> [How to complete this task]: Word for word, retype the tail of the data below, starting with the line that has "2017 Holden Commodore SV6" and including the last line.

> [Exercise materials]:

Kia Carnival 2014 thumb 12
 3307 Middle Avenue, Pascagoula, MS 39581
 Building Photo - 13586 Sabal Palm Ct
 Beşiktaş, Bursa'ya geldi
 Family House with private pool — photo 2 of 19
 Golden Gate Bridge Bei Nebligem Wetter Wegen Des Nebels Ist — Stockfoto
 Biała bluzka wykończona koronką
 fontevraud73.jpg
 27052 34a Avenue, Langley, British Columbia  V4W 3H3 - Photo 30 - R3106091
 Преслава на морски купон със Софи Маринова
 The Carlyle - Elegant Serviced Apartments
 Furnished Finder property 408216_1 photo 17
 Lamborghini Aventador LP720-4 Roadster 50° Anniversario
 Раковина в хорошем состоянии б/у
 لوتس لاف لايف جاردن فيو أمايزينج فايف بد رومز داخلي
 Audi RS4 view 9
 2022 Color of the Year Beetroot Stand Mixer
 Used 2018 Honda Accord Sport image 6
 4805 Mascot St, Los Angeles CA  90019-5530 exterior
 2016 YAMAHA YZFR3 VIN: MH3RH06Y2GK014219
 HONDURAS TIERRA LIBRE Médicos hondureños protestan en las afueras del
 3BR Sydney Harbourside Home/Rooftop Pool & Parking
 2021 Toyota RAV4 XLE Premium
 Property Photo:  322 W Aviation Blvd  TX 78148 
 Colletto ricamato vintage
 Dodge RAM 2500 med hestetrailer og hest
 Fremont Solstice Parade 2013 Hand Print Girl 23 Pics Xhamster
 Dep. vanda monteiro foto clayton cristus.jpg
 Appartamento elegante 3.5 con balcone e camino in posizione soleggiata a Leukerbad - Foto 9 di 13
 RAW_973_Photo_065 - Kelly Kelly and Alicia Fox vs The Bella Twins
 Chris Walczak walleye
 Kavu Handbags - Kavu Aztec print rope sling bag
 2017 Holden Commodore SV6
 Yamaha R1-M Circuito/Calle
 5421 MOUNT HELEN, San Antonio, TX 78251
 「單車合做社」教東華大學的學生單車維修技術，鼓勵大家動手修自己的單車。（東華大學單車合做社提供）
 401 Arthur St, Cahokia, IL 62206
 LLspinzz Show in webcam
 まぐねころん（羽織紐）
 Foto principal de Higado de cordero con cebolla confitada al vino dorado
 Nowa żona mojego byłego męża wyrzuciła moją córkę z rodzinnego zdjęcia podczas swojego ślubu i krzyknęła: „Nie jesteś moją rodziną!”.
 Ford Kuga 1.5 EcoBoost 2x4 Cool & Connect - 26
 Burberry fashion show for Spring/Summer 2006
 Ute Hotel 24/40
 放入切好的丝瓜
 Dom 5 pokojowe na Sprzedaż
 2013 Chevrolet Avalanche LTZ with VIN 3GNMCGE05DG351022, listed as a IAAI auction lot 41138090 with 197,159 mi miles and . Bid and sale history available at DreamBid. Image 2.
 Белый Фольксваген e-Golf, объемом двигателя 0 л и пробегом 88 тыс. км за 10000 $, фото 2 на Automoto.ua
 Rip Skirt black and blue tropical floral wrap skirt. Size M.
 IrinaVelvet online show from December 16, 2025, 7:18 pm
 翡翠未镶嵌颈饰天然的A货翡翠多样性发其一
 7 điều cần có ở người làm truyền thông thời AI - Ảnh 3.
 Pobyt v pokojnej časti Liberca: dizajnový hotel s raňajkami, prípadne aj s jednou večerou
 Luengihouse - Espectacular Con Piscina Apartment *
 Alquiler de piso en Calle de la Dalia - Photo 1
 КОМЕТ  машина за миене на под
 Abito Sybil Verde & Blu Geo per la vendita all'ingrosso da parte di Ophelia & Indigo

> [Reply to the exercise]:
 2017 Holden Commodore SV6
 Yamaha R1-M Circuito/Calle
 5421 MOUNT HELEN, San Antonio, TX 78251
 「單車合做社」教東華大學的學生單車維修技術，鼓勵大家動手修自己的單車。（東華大學單車合做社提供）
 401 Arthur St, Cahokia, IL 62206
 LLspinzz Show in webcam
 まぐねころん（羽織紐）
 Foto principal de Higado de cordero con cebolla confitada al vino dorado
 Nowa żona mojego byłego męża wyrzuciła moją córkę z rodzinnego zdjęcia podczas swojego ślubu i krzyknęła: „Nie jesteś moją rodziną!”.
 Ford Kuga 1.5 EcoBoost 2x4 Cool & Connect - 26
 Burberry fashion show for Spring/Summer 2006
 Ute Hotel 24/40
 放入切好的丝瓜
 Dom 5 pokojowe na Sprzedaż
 2013 Chevrolet Avalanche LTZ with VIN 3GNMCGE05DG351022, listed as a IAAI auction lot 41138090 with 197,159 mi miles and . Bid and sale history available at DreamBid. Image 2.
 Белый Фольксваген e-Golf, объемом двигателя 0 л и пробегом 88 тыс. км за 10000 $, фото 2 на Automoto.ua
 Rip Skirt black and blue tropical floral wrap skirt. Size M.
 IrinaVelvet online show from December 16, 2025, 7:18 pm
 翡翠未镶嵌颈饰天然的A货翡翠多样性发其一
 7 điều cần có ở người làm truyền thông thời AI - Ảnh 3.
 Pobyt v pokojnej časti Liberca: dizajnový hotel s raňajkami, prípadne aj s jednou večerou
 Luengihouse - Espectacular Con Piscina Apartment *
 Alquiler de piso en Calle de la Dalia - Photo 1
 КОМЕТ  машина за миене на под
 Abito Sybil Verde & Blu Geo per la vendita all'ingrosso da parte di Ophelia & Indigo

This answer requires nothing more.